I wash the beans several times. Then I soak them overnight. Drain that water, rinse and drain them.
In a heavy pot (or in the pressure cooker), add a little oil, butter or bacon grease, saute an onion, bell pepper, jalapeno pepper, celery and garlic. When that’s clear and looked sauteed enough, add water, the beans and the seasoning packet. Add a can of tomatoes – I usually use a 14 oz. can of diced tomatoes.
I also will add some kind of meat. If we’ve smoked something recently, I’ll add some of that – chicken, brisket, pork butt – something to give it a bit of smokey flavor. If we have leftover steak or roast beef, I’ll chop that and add it. If we have nothing really to add, I’ll saute some cajun sausage and add that.
The soup is a meal by itself. I’ll serve it with crackers, or cornbread, with a sandwich or a salad.
Half of the jar, which is a little over 1 pound of beans, will last us for two meals (each) and then there’s usually still some leftover.
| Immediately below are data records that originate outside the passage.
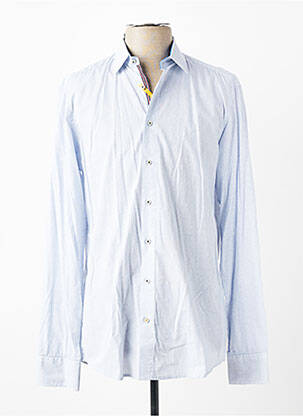 Chemise manches longues imprimé fantaisie bleu REDMOND homme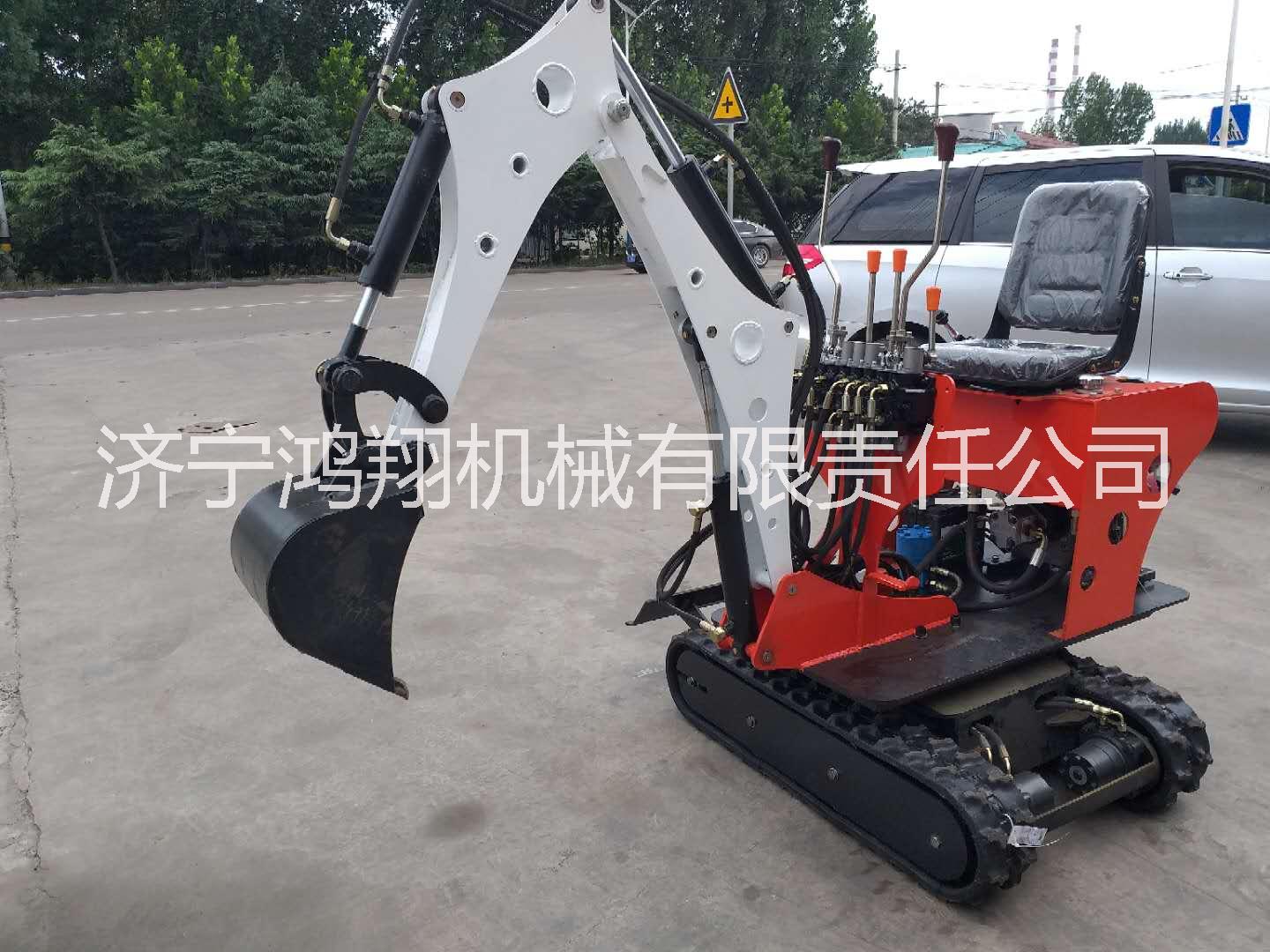 08微型挖掘機最小的履帶挖掘機園林大棚*開溝機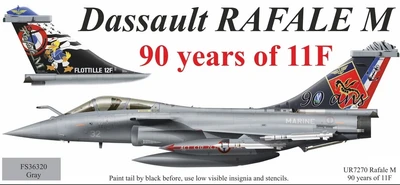 UR7270  декали  Rafale M, 90 years of 11F  (1:72) 2000002148401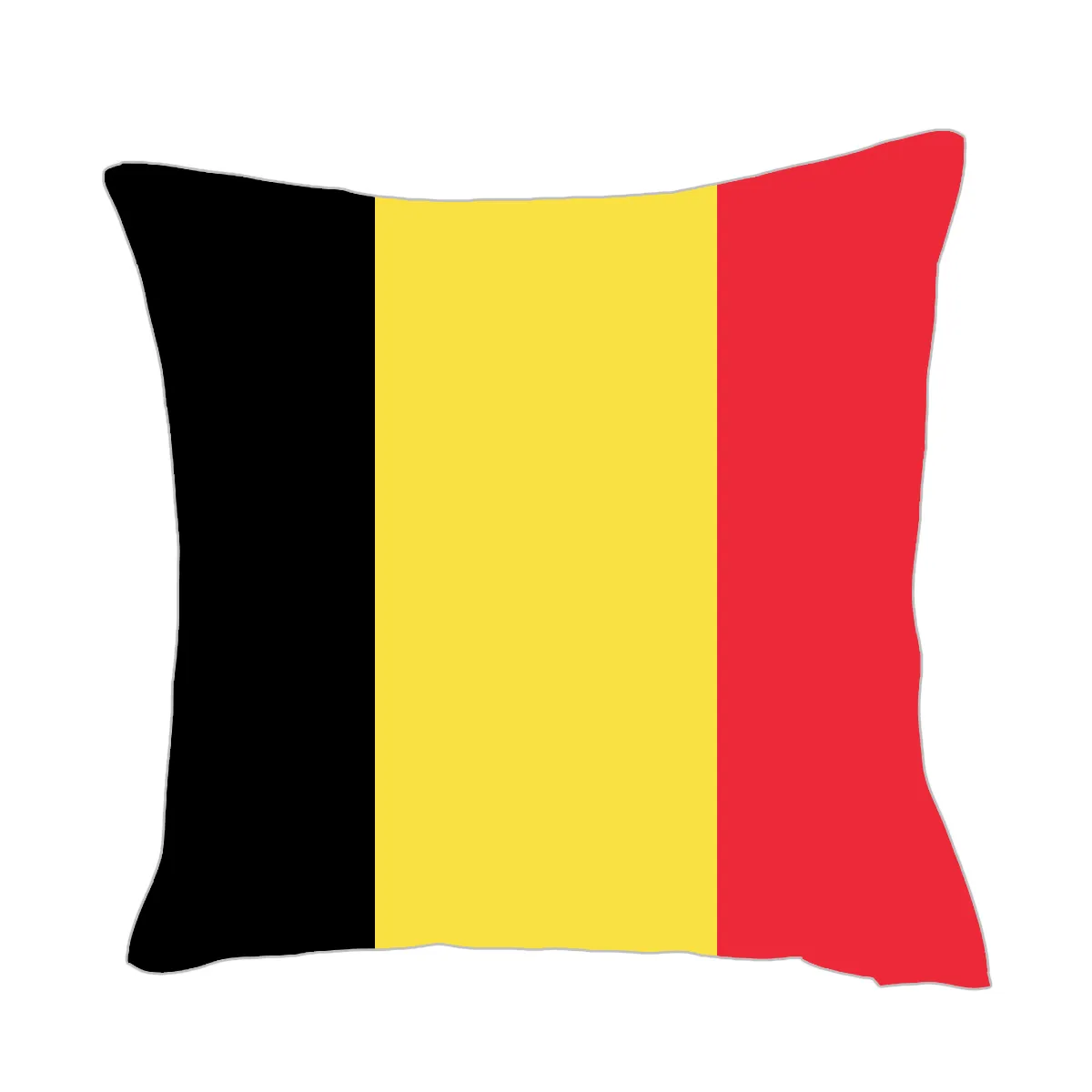Belgien Flagg Throwpillow Cover Factory Supply Good Price Polyester Satin Pillow Cover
It’s a good, hearty meal and not expensive to fix.
Pam Thorne says
Oh, I like this idea! I just got home from the store with beans that I don’t normally stock in my pantry to make up my own “however many” bean soup mix! Thank you!
April L Reeves says
I’m going to buy the premade package and make this later in the year. I got a kid that don’t eat beans and this was one of my least favorite meals my mom made when I was a kid. Maybe I can convert both of us. lol
judy.blog@gmail.com says
We love beans but honestly, if I don’t like something, there’s enough other stuff out there that I’m not going to force the issue. Beans are good for you and inexpensive and are easy to keep on hand so it’s sad not to like them but who knows . . maybe you can cook them in a way that you both will like. I hope so.